Cloud you give me the fix to test on my system ?

raeburn commented 2 years ago

The fix for the 6.2 code should be getting pushed to github within the next day or so, actually. The rewrite going into "unstable" will be a while longer in coming, but if you're still on the 4.19 kernel the 6.2 version is the one that matters.

qqshow commented 2 years ago

@raeburn Thank you very much! I will test the fix. https://github.com/dm-vdo/kvdo/commit/72f94c2d858e4baabeba72bc3551287a2dd45d87

qqshow commented 1 year ago

@raeburn The kvdo 6.2 version hang my system occasionally. My system runs 4.19 kernel. The problem always occurs when reading a lot.

raeburn commented 1 year ago

On 2/9/23 09:55, x-star wrote:

@raeburn https://github.com/raeburn The kvdo 6.2 version hang my system occasionally. My system runs 4.19 kernel. The problem always occurs when reading a lot.

I don't know of anything that would cause a hang during reads, but there's a bug (fixed in 6.2.8.1) that can cause a hang after a suspend-resume cycle followed by a lot of writes. Of course, if you're reading files from a file system mounted read-write, there may be access-time updates for each file, so depending on your usage, a huge number of file reads can still translate to a lot of writes. A suspend-resume cycle can be generated by adding physical storage, extending the logical address range, or some other configuration tweaks; I believe there should be kernel log messages generated when that happens. Unfortunately, if this is the bug you trip over, there are no clear signs to indicate it short of groveling over VDO's internal data structures.

If you're not using 6.2.8.1 or later, could you try updating and see if the problem persists?
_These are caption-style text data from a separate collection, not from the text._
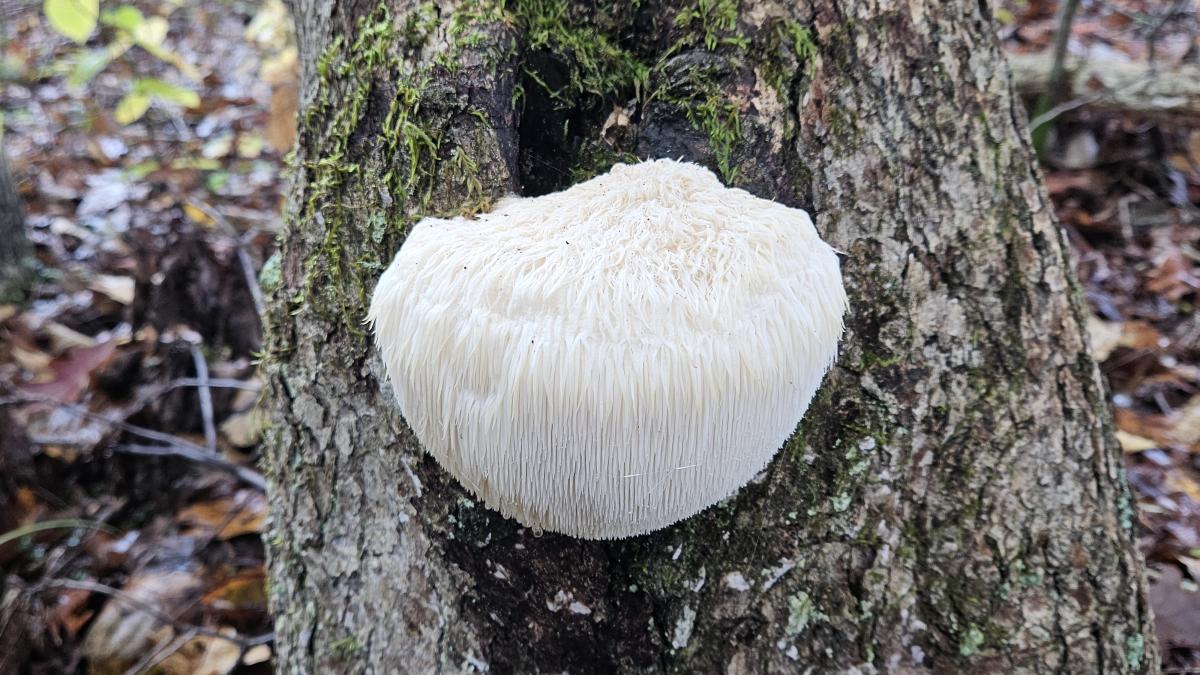 Lions mushroom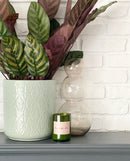 Bubble Glass Vase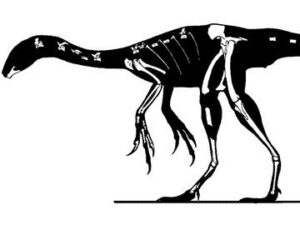 Microvenator celer - Druhy dinosaurov
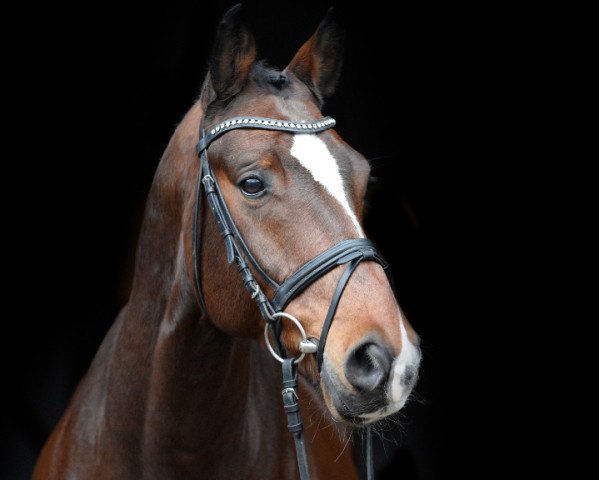 dressage horse Bob Barnaby (Hanoverian, 2010, from Bonifatius)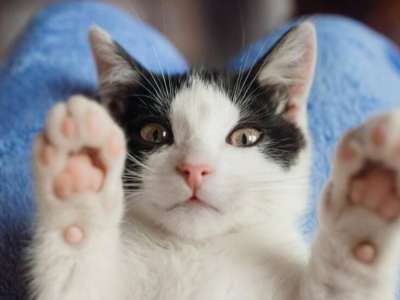 Маңғыстау облысында мысық тістеп алған ер адам көз жұмды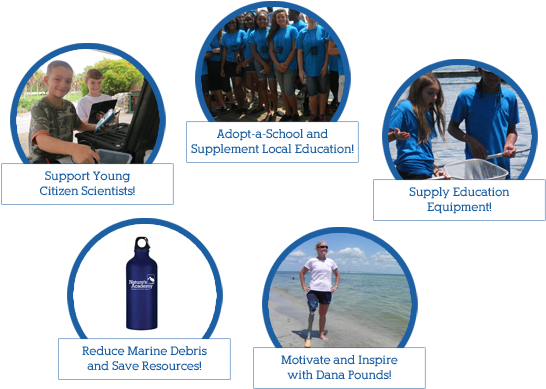 Join Us As We Help Raise Awareness For Shark Conservation - Graphic Design Clipart (960x388), Png Download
If you have updated already, then it must be something else... what kernel messages has VDO generated up to that point? Any other interesting kernel messages generated before the hang?

Ken

Message ID: @.***>

qqshow commented 1 year ago

I had updated to 6.2.8.6. The kernel messages has nothings releated information when hang.

raeburn commented 1 year ago

Hmm, this sounds like something new we haven’t seen.

Is it hanging everything, or can you still issue commands to parts of the system not hung up waiting on I/O to VDO? It would be useful to know if some of the VDO threads are still running (“top”), and if I/O is still happening to the backing storage device (“sar -d 1”) or if it’s sitting idle.

If you can run commands, these should dump some possibly-useful info into the kernel log:

dmsetup message 0 dump pools dmsetup message 0 dump queues dmsetup message 0 dump vdo

The “dmsetup message” command should be able to run on a VDO device even if I/O is hung up somehow.